DATA UNDER STUDY:
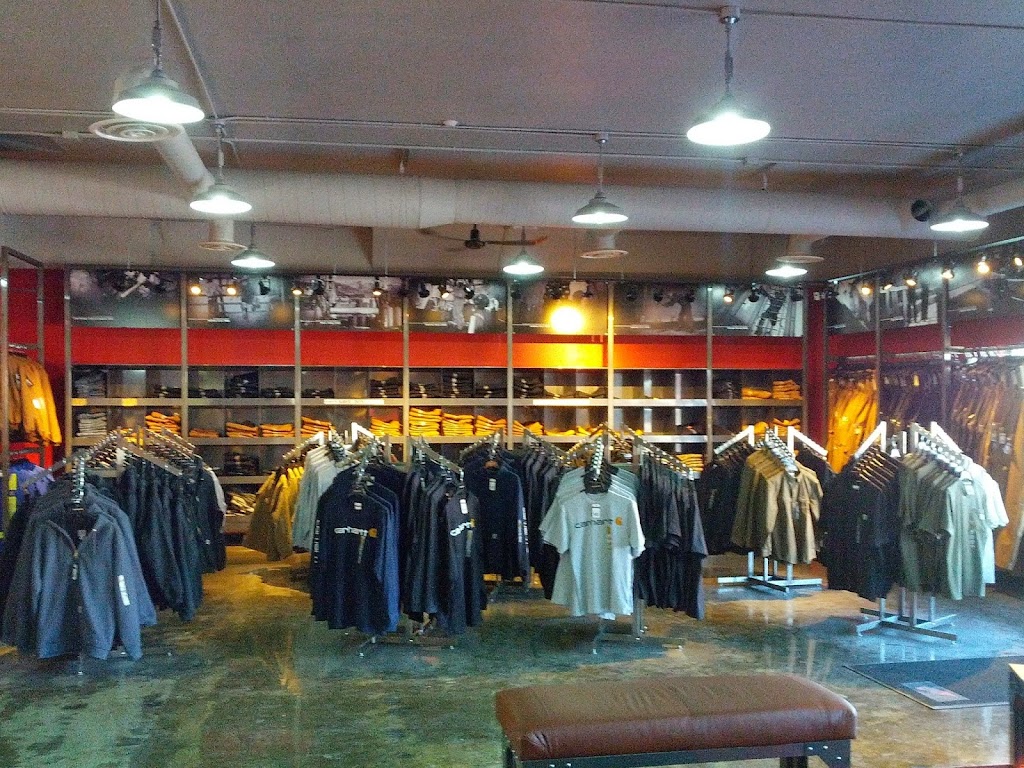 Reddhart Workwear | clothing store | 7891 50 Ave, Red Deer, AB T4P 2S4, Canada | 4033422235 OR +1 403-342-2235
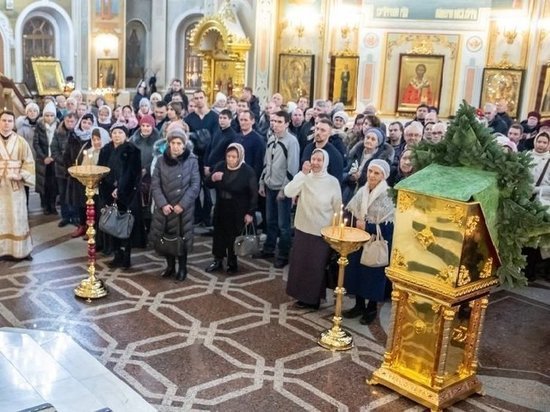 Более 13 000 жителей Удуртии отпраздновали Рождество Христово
---
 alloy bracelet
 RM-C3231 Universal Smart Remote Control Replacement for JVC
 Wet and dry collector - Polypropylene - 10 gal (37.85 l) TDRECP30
* * *
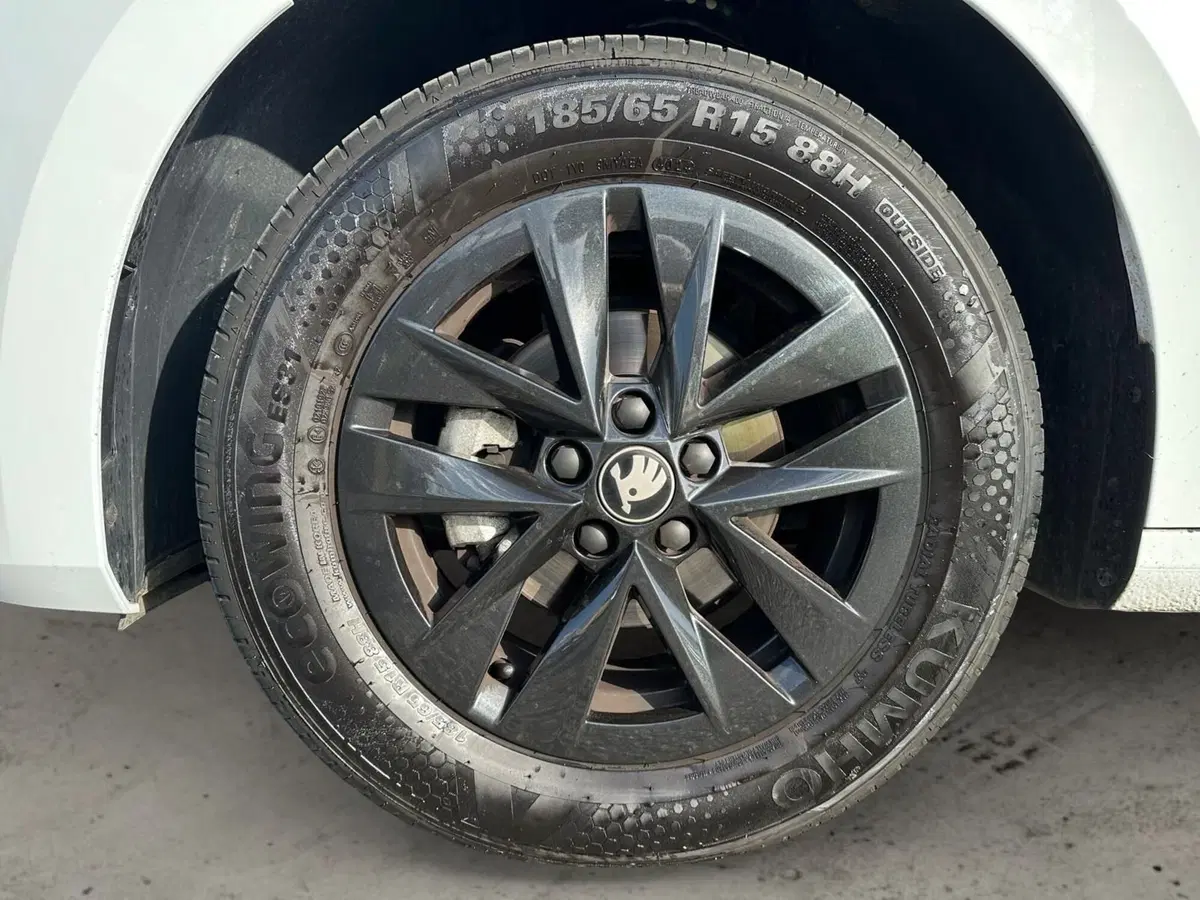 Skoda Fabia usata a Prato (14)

TASK:
Using the records above, return word for word the lines that begin at the one containing "Reddhart Workwear |" and end at the one containing "Более 13 000", both of them included and no pictures.

EXERCISE RESULT:
 Reddhart Workwear | clothing store | 7891 50 Ave, Red Deer, AB T4P 2S4, Canada | 4033422235 OR +1 403-342-2235
 Более 13 000 жителей Удуртии отпраздновали Рождество Христово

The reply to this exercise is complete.